▸ What the task requires
Print the listing below only from the line that has "Ouch! - Silikonowe" through the line that has "Susan Graver Tops", exactly, and drop any picture.

▸ Recorded data
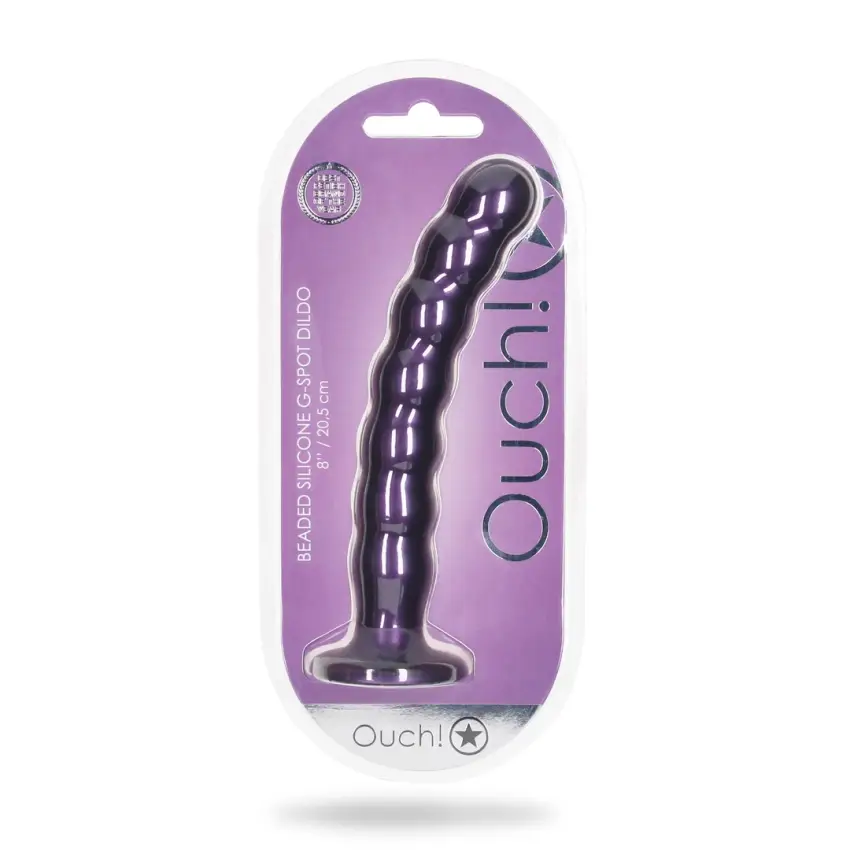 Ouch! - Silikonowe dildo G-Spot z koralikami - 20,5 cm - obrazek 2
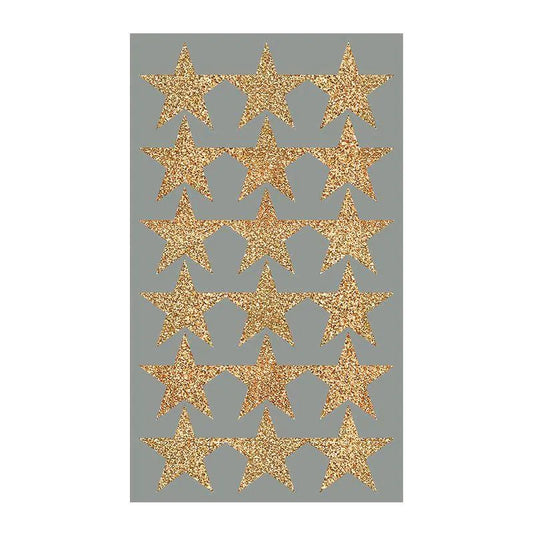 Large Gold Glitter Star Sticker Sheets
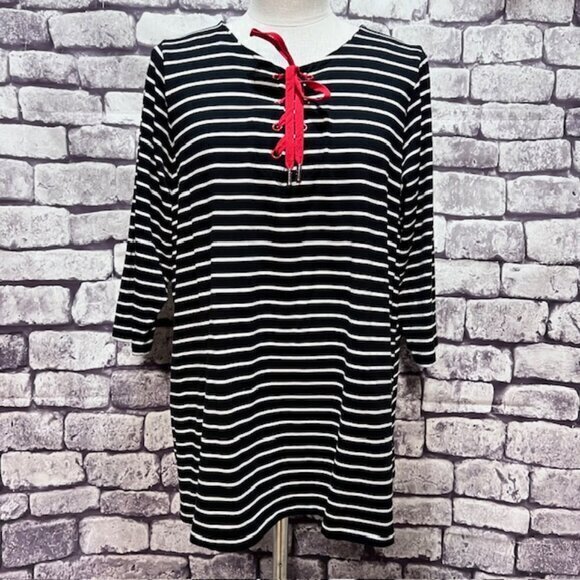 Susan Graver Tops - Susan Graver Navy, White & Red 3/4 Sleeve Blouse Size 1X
---
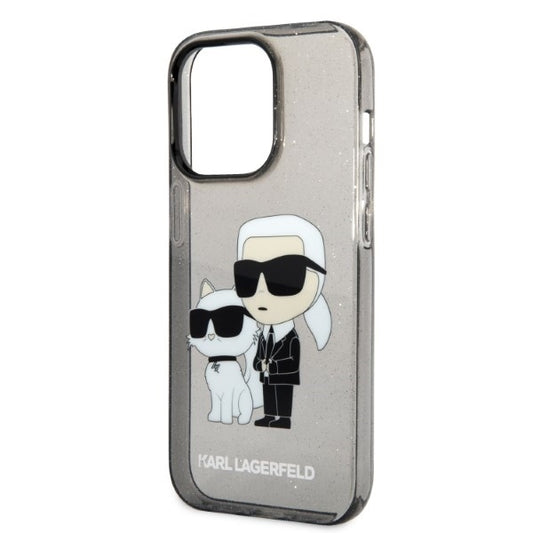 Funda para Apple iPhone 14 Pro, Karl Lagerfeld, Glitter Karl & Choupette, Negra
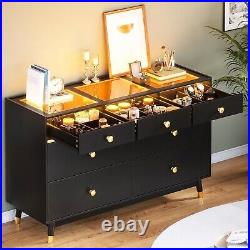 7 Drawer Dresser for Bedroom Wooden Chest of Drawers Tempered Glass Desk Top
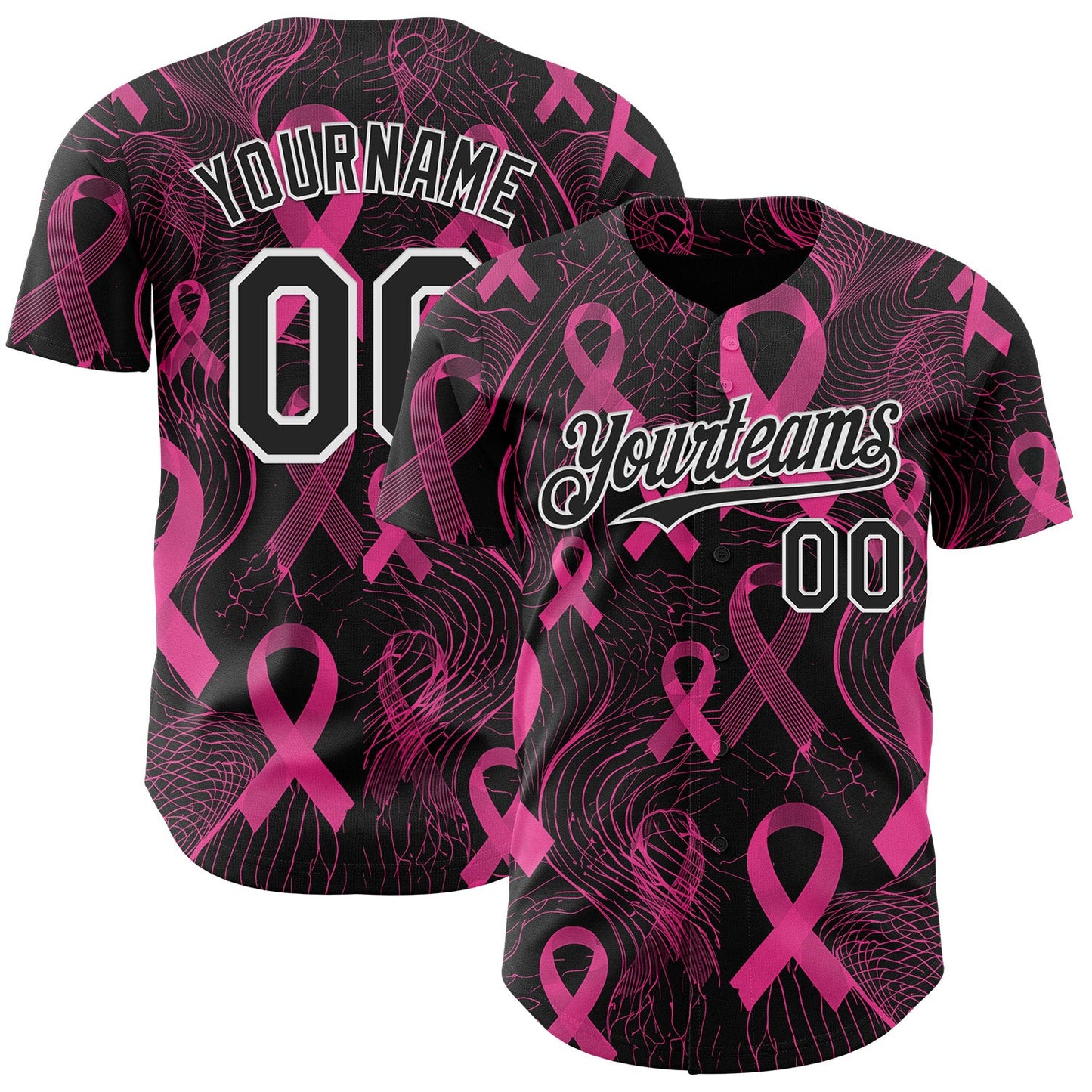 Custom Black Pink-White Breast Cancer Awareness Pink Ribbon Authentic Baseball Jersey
* * *
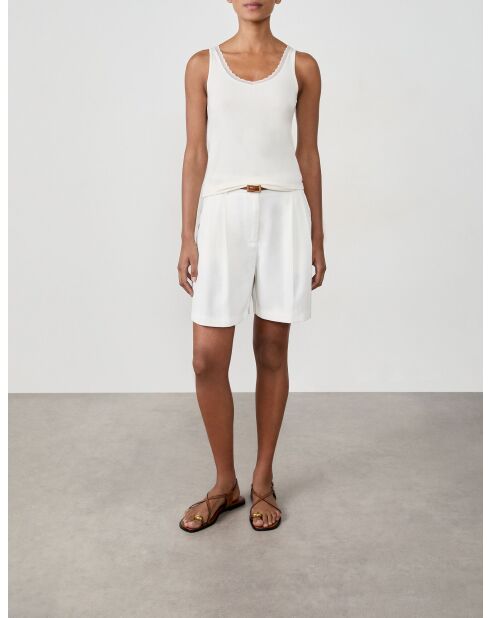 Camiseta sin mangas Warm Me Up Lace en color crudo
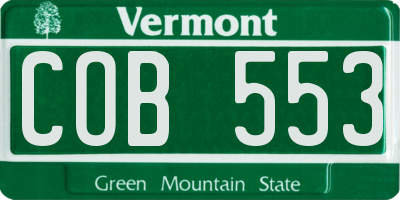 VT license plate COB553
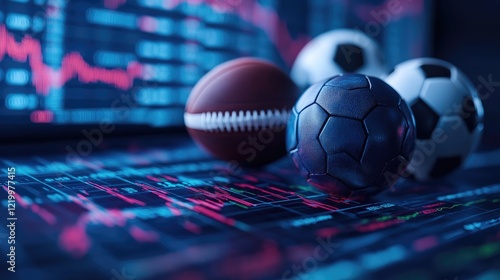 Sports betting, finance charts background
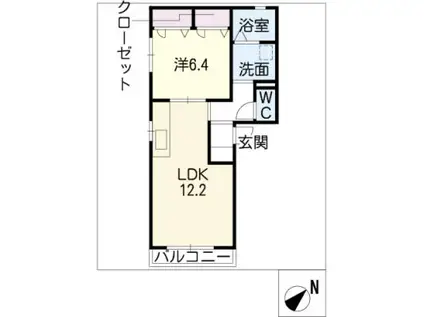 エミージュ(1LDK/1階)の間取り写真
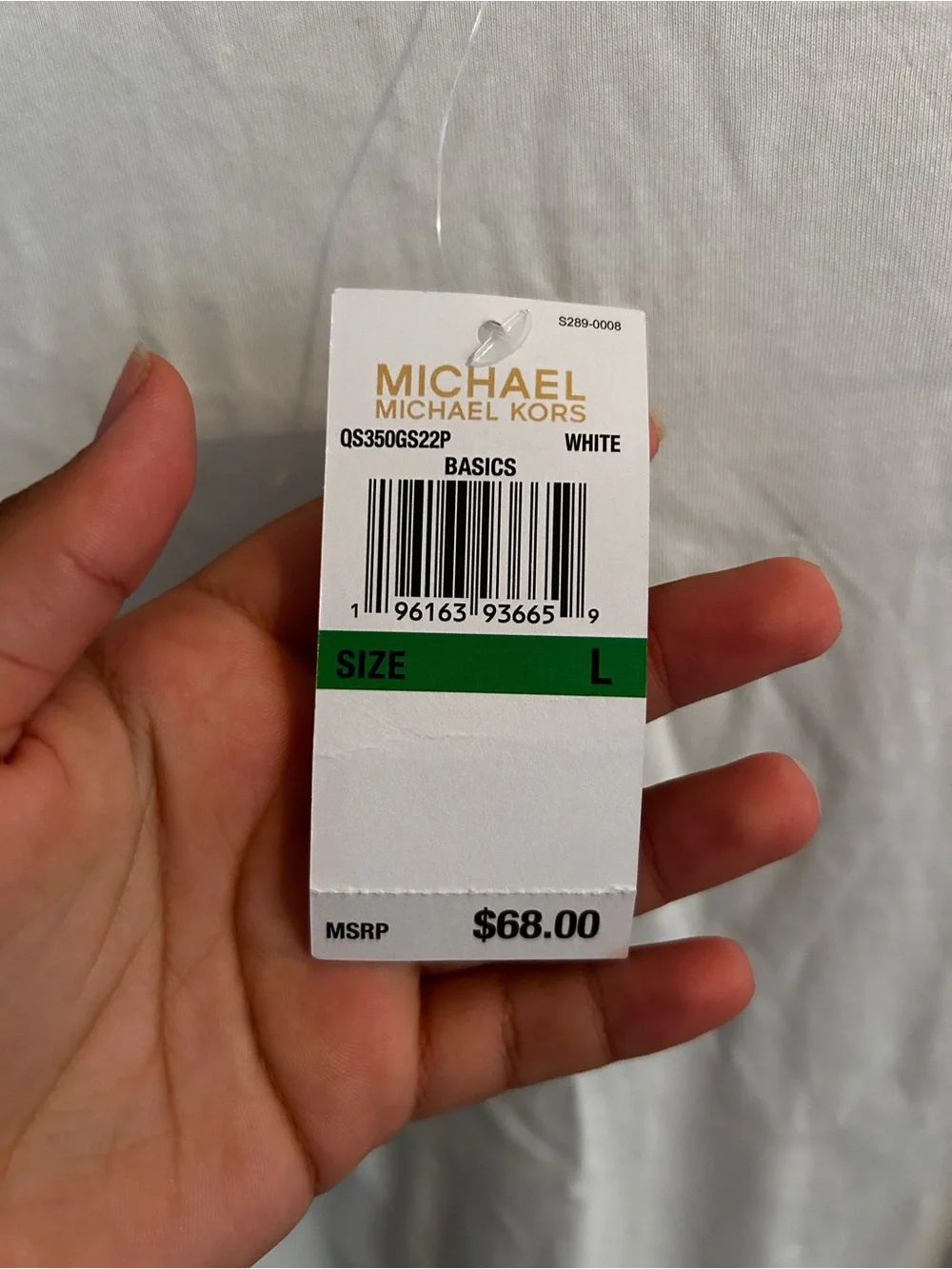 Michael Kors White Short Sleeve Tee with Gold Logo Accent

▸ Finished task
 Ouch! - Silikonowe dildo G-Spot z koralikami - 20,5 cm - obrazek 2
 Large Gold Glitter Star Sticker Sheets
 Susan Graver Tops - Susan Graver Navy, White & Red 3/4 Sleeve Blouse Size 1X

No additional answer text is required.